Problem requirements: The answer must restate the records below word for word.

Short descriptive text snippets:
+ + + + + + +
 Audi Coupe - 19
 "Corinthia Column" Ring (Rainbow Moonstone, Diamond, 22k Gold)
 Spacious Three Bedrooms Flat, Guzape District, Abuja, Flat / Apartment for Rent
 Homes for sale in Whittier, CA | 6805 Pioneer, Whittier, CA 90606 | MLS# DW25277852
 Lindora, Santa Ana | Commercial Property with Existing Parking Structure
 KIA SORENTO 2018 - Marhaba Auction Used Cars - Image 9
+ + + + + + +
Exercise output:
 Audi Coupe - 19
 "Corinthia Column" Ring (Rainbow Moonstone, Diamond, 22k Gold)
 Spacious Three Bedrooms Flat, Guzape District, Abuja, Flat / Apartment for Rent
 Homes for sale in Whittier, CA | 6805 Pioneer, Whittier, CA 90606 | MLS# DW25277852
 Lindora, Santa Ana | Commercial Property with Existing Parking Structure
 KIA SORENTO 2018 - Marhaba Auction Used Cars - Image 9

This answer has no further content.